RECORDS FOR THIS TASK ->

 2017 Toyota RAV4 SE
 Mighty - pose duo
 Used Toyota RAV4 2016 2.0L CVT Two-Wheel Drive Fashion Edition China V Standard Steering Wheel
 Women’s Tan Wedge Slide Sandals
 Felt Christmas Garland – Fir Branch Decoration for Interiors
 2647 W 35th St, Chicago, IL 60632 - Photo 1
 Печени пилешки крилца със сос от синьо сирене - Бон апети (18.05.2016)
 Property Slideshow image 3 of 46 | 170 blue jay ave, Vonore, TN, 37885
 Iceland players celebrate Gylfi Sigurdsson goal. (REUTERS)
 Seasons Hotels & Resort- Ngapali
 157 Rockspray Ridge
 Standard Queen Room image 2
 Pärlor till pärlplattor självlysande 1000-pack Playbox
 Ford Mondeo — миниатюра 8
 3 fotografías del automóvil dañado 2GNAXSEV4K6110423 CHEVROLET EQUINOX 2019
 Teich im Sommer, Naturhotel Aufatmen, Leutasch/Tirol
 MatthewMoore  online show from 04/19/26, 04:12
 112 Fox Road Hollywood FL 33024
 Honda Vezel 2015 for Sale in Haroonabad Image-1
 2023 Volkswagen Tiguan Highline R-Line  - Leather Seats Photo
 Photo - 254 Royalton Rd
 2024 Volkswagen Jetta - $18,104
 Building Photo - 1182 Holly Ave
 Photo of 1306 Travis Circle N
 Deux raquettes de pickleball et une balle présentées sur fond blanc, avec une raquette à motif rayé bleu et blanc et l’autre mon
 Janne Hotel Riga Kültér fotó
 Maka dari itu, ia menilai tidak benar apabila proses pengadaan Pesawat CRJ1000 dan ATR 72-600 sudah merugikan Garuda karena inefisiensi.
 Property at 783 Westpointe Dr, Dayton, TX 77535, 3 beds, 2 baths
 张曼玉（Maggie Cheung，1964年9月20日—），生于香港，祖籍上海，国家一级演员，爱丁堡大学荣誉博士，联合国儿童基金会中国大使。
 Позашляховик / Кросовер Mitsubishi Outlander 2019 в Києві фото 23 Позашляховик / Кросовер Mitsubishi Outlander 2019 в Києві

YOUR ASSIGNMENT -> Please go through the entries and show every line with the word "Toyota".

PROBLEM SOLUTION ->
 2017 Toyota RAV4 SE
 Used Toyota RAV4 2016 2.0L CVT Two-Wheel Drive Fashion Edition China V Standard Steering Wheel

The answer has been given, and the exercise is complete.